**Your objective**.
Each line of the data has to be retyped exactly as it is.

**Provided material**.

=== Section Start ===

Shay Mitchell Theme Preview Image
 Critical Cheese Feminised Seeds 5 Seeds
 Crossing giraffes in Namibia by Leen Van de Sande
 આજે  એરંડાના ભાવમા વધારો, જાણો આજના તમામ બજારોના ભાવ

=== Section End ===

**Response area**.
Shay Mitchell Theme Preview Image
 Critical Cheese Feminised Seeds 5 Seeds
 Crossing giraffes in Namibia by Leen Van de Sande
 આજે  એરંડાના ભાવમા વધારો, જાણો આજના તમામ બજારોના ભાવ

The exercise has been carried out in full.